Quienes están en las calles enfrentándose con la Policía, quemando autobuses y destruyendo el patrimonio público se dicen sin partido, lo cual en vísperas de las elecciones presidenciales del año próximo resulta un tanto sospechoso y ha despertado la preocupación del gobierno de Dilma Rousseff por conocer realmente a los que han impulsado la iniciativa que convoca a la gente, a través de redes sociales, para que salga a las calles a protestar contra los servicios públicos y que le ha costado a la mandataria una pérdida de aproximadamente ocho puntos en su hasta ahora alta popularidad.
Pero el alza en los precios de transporte público no ha sido el único motivo para que los brasileños dejen de lado su alegría y hayan reemplazado el danzar de sus caderas al ritmo de la samba por el agitado correr al son de las balas de goma: una mejor salud pública, mejor educación y un alto a la corrupción y a los gastos estratosféricos en la preparación del Mundial de Fútbol de 2014 también forman parte del clamor ciudadano.
Los 5000 manifestantes de Sao Paulo, que ahora se han convertido en aproximadamente un millón 250 000 y que marchan en 460 ciudades brasileñas, ya han logrado que el aumento de 20 centavos haya sido cancelado en la mayoría de los lugares, lo que quizá significa que las protestas han logrado atravesar los muros del Palacio do Planalto.
Sin embargo, resulta imposible saber qué pasará con el resto de las demandas, que desafortunadamente parecen haber pasado a segundo plano debido a lo violento de los actos de los últimos días, calificados por las autoridades como vandálicos y que tuvieron como su consecuencia más grave la muerte de dos personas.
Es así como las movilizaciones parecen no obedecer a un grupo con la capacidad de organizarlas, ya que desde un principio nadie pudo prever el impacto que iban a generar ni sus alcances. Ahora ni manifestantes, y menos aún el gobierno, saben qué hacer con el tamaño de las protestas.
Según los estrategas políticos brasileños de los partidos y los gobiernos, se espera que después de que Dilma rompió el silencio que la mantuvo al margen de la situación por 10 días y aseguró que el gobierno está escuchando las voces por el cambio, el movimiento se vaciará paulatinamente.
“Las voces traspasan los mecanimos tradicionales de las instituciones, de los partidos y de los propios medios de comunicación. Dejan un mensaje nítido contra la corrupción y el uso indebido de dinero público”, aseguró Dilma Rousseff, y agregó que la ciudadanía reclama “mejores escuelas, hospitales, transporte público de calidad y a un precio justo” y que “la voz de la calle tiene que ser escuchada”.
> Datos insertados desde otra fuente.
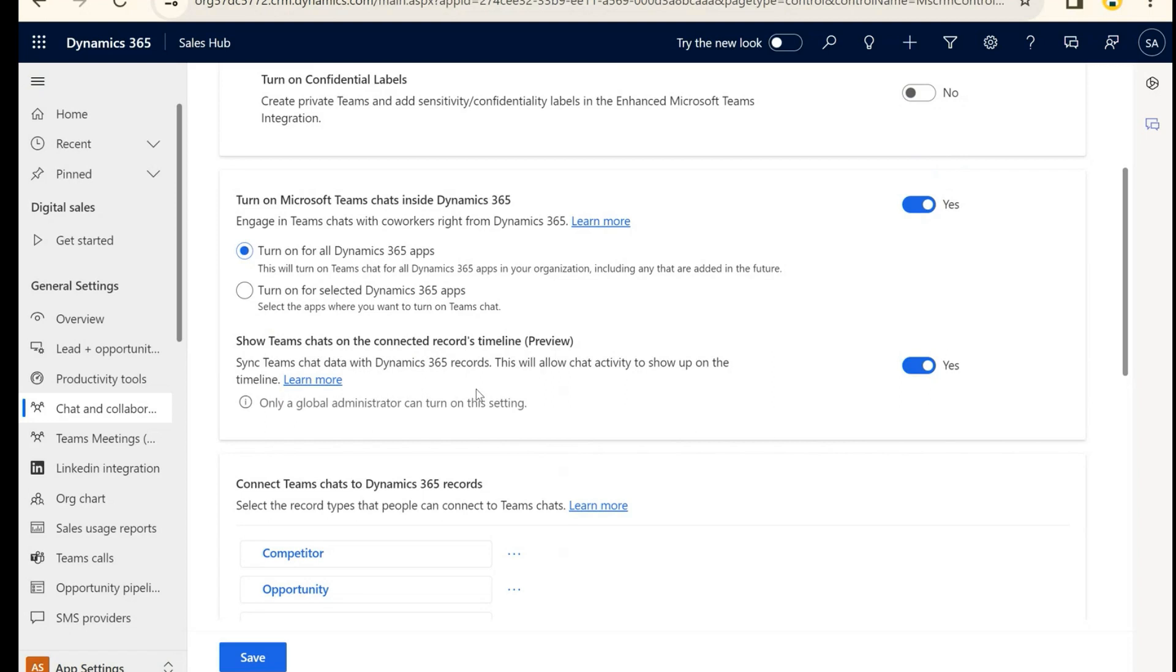Now this is the cool feature. This is still in preview, but I'm going to admit I'm pretty excited about it. We now have the ability to have chats show up in the timeline, so you and I can have a chat in Teams, go back to a record, and associate that chat to a record and see it in the timeline.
Estas fueron las palabras con las que la mandataria brasileña logró provocar que en los últimos días, más allá de las escenas aisladas de violencia, se hiciera notable el orden en las manifestaciones, pero no por ello que se disolvieran.
Las personas siguen saliendo multitudinariamente a las calles y han aumentado sus demandas; los brasileños hoy también protestan contra la Propuesta de Enmienda Constitucional 37 (PEC 37), un proyecto de ley que pretende limitar los poderes de investigación de la fiscalía general, contra un proyecto que concederá subsidios a las mujeres violadas que declaren su intención de no abortar y contra otro que pretende “curar” a los homosexuales.
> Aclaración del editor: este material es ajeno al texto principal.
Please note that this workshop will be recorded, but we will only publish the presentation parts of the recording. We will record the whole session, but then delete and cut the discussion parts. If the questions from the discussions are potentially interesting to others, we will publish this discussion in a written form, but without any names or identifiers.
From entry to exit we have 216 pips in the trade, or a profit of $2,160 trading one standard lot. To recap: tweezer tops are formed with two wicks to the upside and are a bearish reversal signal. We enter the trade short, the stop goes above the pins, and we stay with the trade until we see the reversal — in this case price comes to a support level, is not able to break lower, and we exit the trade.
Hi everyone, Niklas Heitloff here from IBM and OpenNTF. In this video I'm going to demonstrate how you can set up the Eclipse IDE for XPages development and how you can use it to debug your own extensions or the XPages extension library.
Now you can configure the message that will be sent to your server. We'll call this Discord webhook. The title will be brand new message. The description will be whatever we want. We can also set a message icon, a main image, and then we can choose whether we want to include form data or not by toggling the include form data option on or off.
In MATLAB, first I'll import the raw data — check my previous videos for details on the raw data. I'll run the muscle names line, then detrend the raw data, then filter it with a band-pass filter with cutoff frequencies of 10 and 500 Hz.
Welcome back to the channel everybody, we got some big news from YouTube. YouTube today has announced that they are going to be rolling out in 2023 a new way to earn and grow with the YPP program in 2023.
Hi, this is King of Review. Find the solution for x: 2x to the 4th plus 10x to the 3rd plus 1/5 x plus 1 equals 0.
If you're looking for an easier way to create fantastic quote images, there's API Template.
Tal parece que la llama brasileña está encendida y será difícil apagarla, porque, nos atrevemos a decir, nadie quiere hacerlo; quizá sí encausar más las demandas y las propuestas a algo positivo y ordenado, sin violencia y sin caos, pero que permita ver que estas inéditas manifestaciones pueden ser una señal de que los brasileños están tomando conciencia y de que hay una madurez ciudadana que hace que deseen participar y ser protagonistas de un Brasil económicamente poderoso y democráticamente participativo.